Is Spain finally going to be for rent?

Government bids to liberalize the sector Not everyone believes market forces will produce the right changes

Selling rather than letting out homes has been the more popular option for property owners in Spain for decades.
Selling rather than letting out homes has been the more popular option for property owners in Spain for decades.CARLOS ROSILLO (EL PAÍS)

Housing has become a chronic problem in Spain. But it was already a vexed issue during the property bubble of the last decade, when thousands of citizens were priced out of the market while thousands of others got themselves mortgaged for life. And it continues to be a problem now, when the financial crisis and soaring unemployment are preventing young people from moving out of their parents' homes even as the growing number of mortgage defaults are throwing entire families out on the street.

And all this is happening in a country where home ownership is the rule and rental homes represent a persistently small percentage of the housing stock.

Now, the Popular Party (PP) government of Prime Minister Mariano Rajoy is planning to bring more flexibility to the rental market with a set of measures that make it easier for landlords to get their properties back and for tenants to terminate their lease.

For instance, once the reforms are enacted, owners may demand that a tenant leave the property at any time regardless of the duration of the lease, while tenants will be able to walk out with just one month's notice. Until now, contracts were for five years by default, and a further three if neither party said anything to the contrary. The executive wants to bring these periods down to three years and one year, respectively.

Spain has always had a weak rental market because of the overwhelming Spanish preference for home ownership.

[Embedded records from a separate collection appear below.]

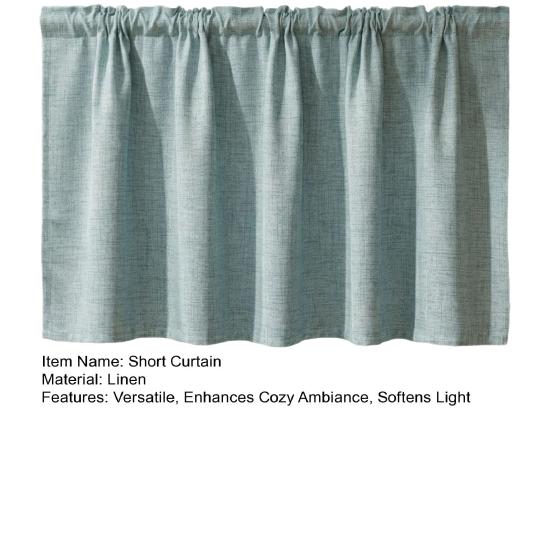 Linen Short Curtain for Kitchen, Semi Sheer Valance for Small Window, Kitchen Curtain for Pantry Door, Farmhouse Cabinet Cover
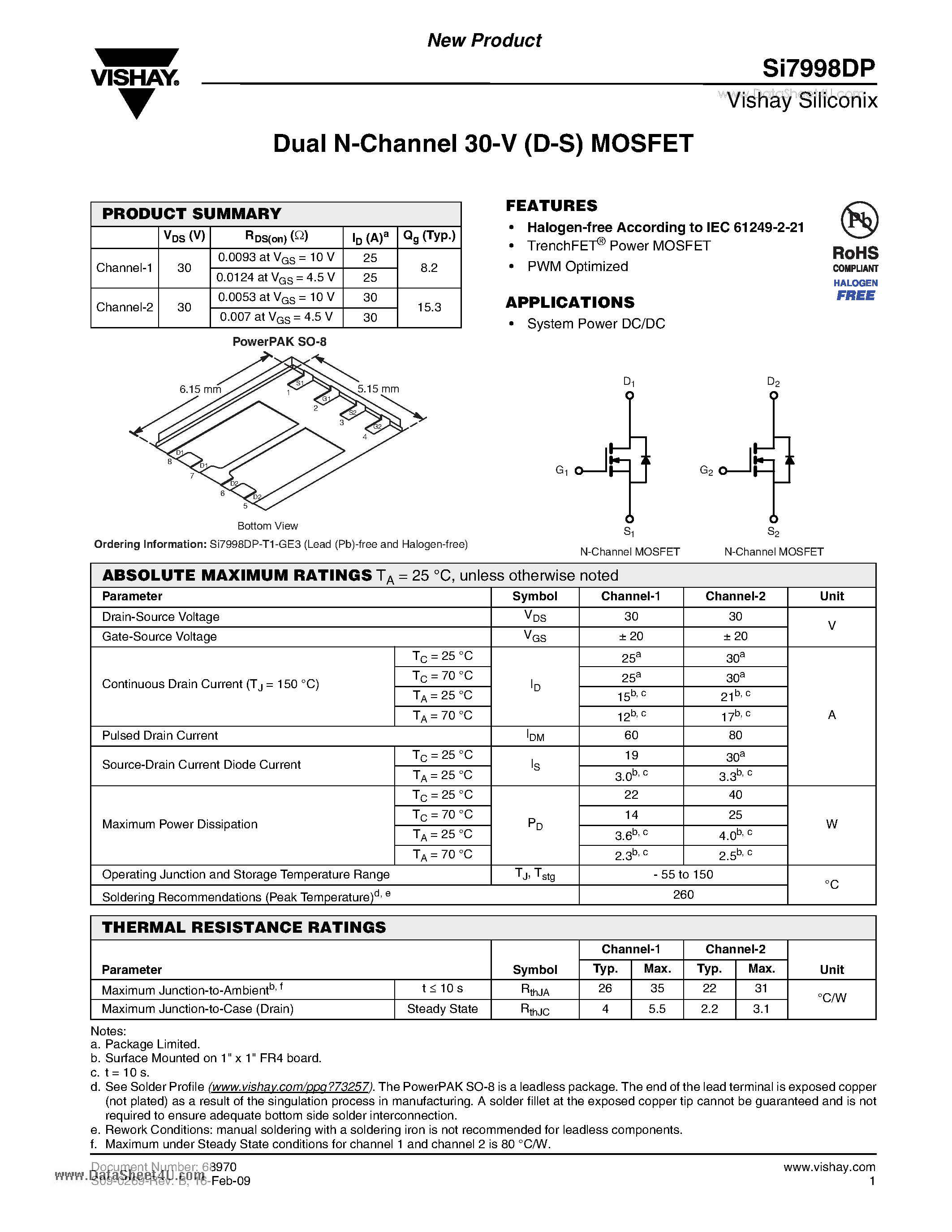 Даташит SI7998DP - Dual N-Channel 30-V (D-S) MOSFET страница 1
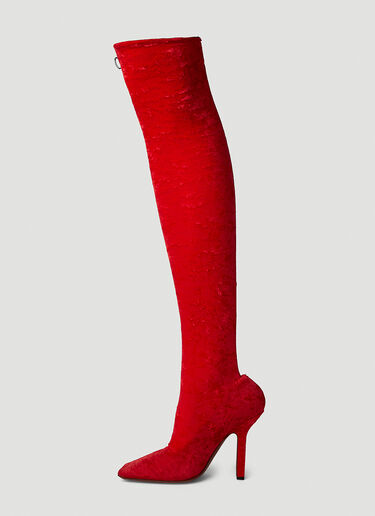 VETEMENTS Velvet OTK Boomerang Boots Red vet0250034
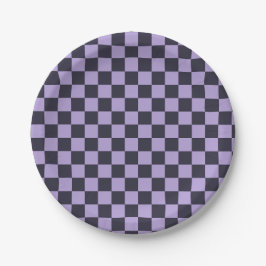 Lavender haze checkerboard pattern ペーパープレート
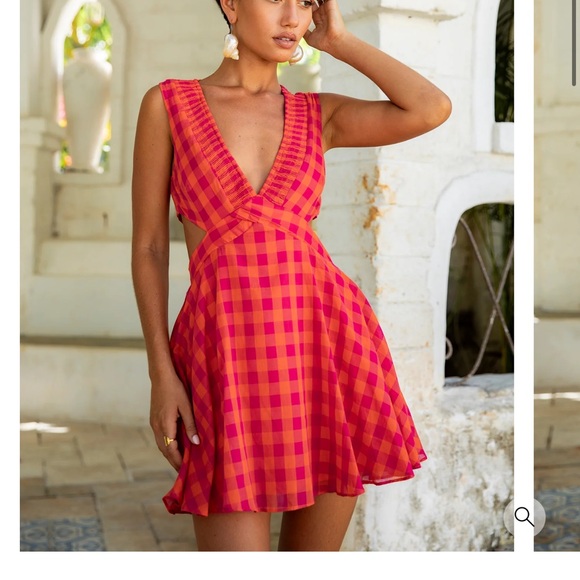 Chic Pink and Orange Checkered Mini Dress - Picture 1 of 6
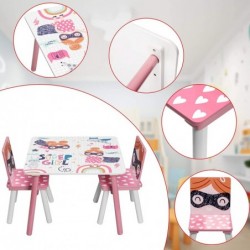 Детска Маса със Столчета, Комплект от Дърво Ginger Home - за Учене, Игра, Хранене, Мебели за Детска Стая, Бяло и Розово - SUPER GIRL - TF6001 - изглед 6
                  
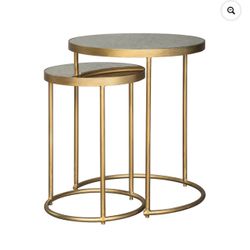 Signature Design by Ashley Majaci Glam Nesting Accent Table Set of 2, Gold Metal
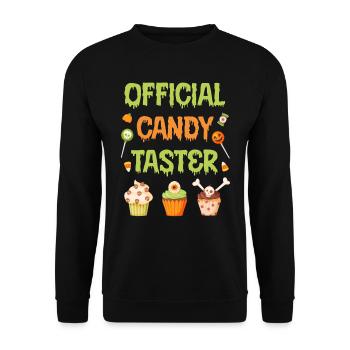 Halloween DÉGUSTATEUR OFFICIEL DE BONBONS Drôle Halloween - Sweat-shirt Unisexe - noir - Devant - Alina (178cm) & Michal (187cm)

The latest Eurostat figures, dating back to 2010, show an owner-occupancy rate as high as 83 percent in Spain, with the only partial exception to the rule being the city of Barcelona, where rentals represent 25 to 30 percent of the property market.

They are getting it wrong again; supply isn't the problem, but lack of demand"

Several countries from Eastern Europe had even higher owner-occupancy rates, while in Denmark, France, Britain and the Netherlands between 30 and 40 percent of homes were rentals.

In Germany that figure is 46.8 percent, while in Switzerland it reaches 55.7 percent, meaning that a greater number of people rent their homes rather than seek to buy.

The shortage is even greater when it comes to subsidized rentals, which represents just one percent of the entire housing stock in Spain according to CECODHAS Housing Europe, compared with 19 percent in France, for instance.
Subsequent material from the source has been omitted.